Programmatic Converter Selection
You can use the get_converter factory function to select converters programmatically:
from synapse_sdk.utils.converters import get_converter, DatasetFormat
# Get DM -> YOLO converter
converter = get_converter(
source=DatasetFormat.DM_V2,
target=DatasetFormat.YOLO,
root_dir='/path/to/dataset',
is_categorized=True
)
# Or use string format names
converter = get_converter(
source='dm_v2',
target='yolo',
root_dir='/path/to/dataset',
is_categorized=True
)
converter.convert()
converter.save_to_folder('/output')
Error Handling
All converters include robust error handling:
- File Validation: Checks for required files and directories
- Format Validation: Validates annotation format correctness
- Graceful Degradation: Warns about unsupported annotations instead of failing
- Progress Tracking: Shows progress for large dataset conversions
Best Practices
- Backup Original Data: Always keep backups before conversion
- Validate Results: Check converted annotations for accuracy
- Test on Small Datasets: Test conversion on small samples first
- Check Requirements: Ensure all required files (dataset.yaml, classes.txt, etc.) are present
- Monitor Warnings: Pay attention to conversion warnings for data quality issues
Examples
Converting Between YOLO and DM
from synapse_sdk.utils.converters import (
FromDMToYOLOConverter,
YOLOToDMConverter,
)
from synapse_sdk.utils.annotation_models.dm import DMVersion
# 1. Convert DM to YOLO
dm_to_yolo = FromDMToYOLOConverter(
root_dir='/data/dm_dataset',
is_categorized=True,
dm_version=DMVersion.V2
)
dm_to_yolo.convert()
dm_to_yolo.save_to_folder('/data/yolo_output')

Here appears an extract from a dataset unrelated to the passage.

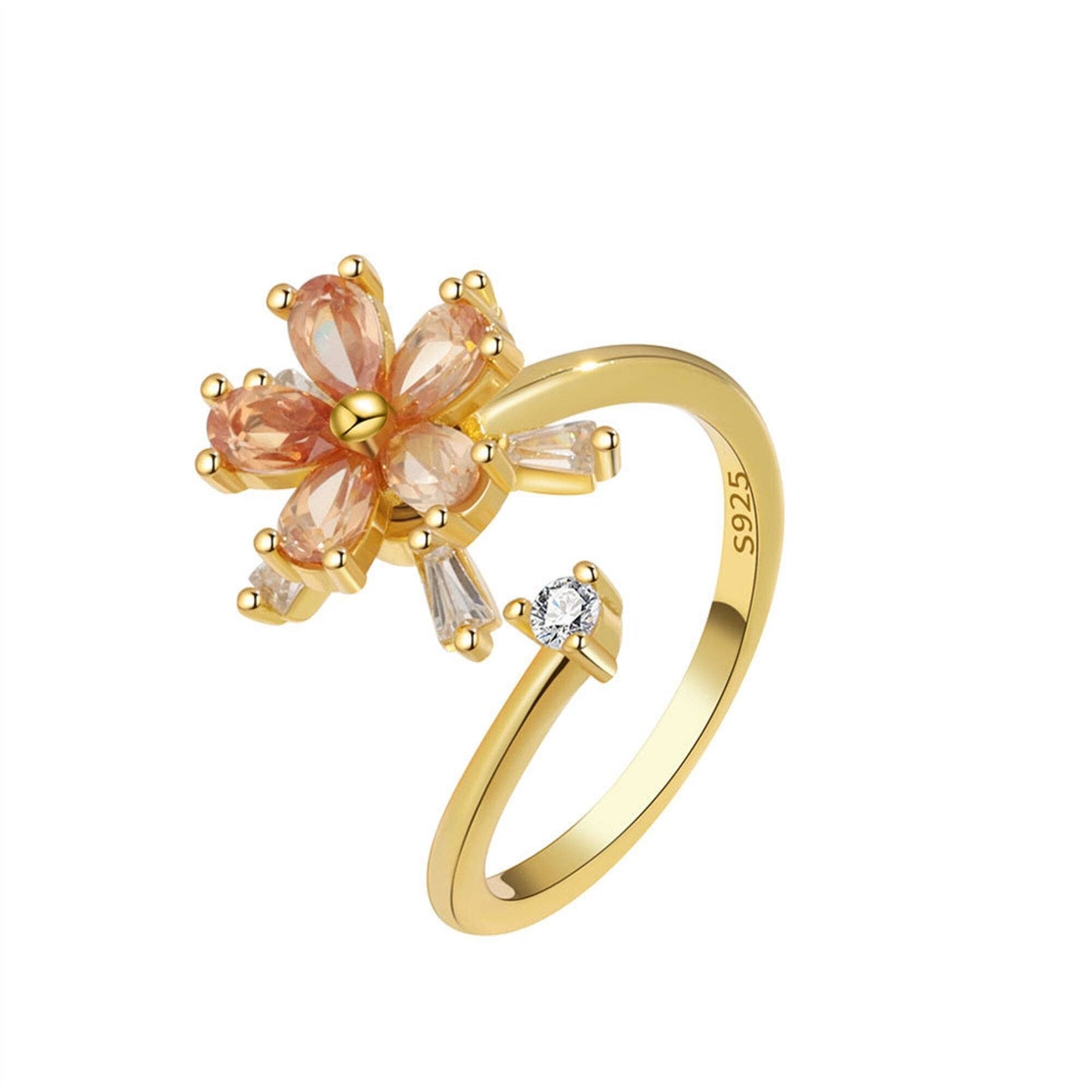 Orange Flower Anxiety Fidget Spinner Ring in Solid Copper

# 2. Convert YOLO back to DM
yolo_to_dm = YOLOToDMConverter(
root_dir='/data/yolo_output',
is_categorized=True,
dm_version=DMVersion.V2
)
yolo_to_dm.convert()
yolo_to_dm.save_to_folder('/data/dm_roundtrip')
# Coming Soon:
# - Pascal VOC <-> DM conversion
# - COCO <-> DM conversion
# - DM v1 <-> v2 migration
Single File Conversion Example
import json
from synapse_sdk.utils.converters import FromDMToYOLOConverter
# Initialize converter for single file processing
converter = FromDMToYOLOConverter(is_single_conversion=True)
# Load DM format data
with open('annotation.json', 'r') as f:
dm_data = json.load(f)
# Convert single file
with open('image.jpg', 'rb') as img_file:
result = converter.convert_single_file(dm_data, img_file)
# result contains:
# - label_lines: YOLO format label lines
# - class_names: List of class names
# - class_map: Mapping of class name to index
print(result['label_lines'])
This converter system provides a complete solution for dataset format transformation, enabling seamless integration between different machine learning workflows and annotation tools.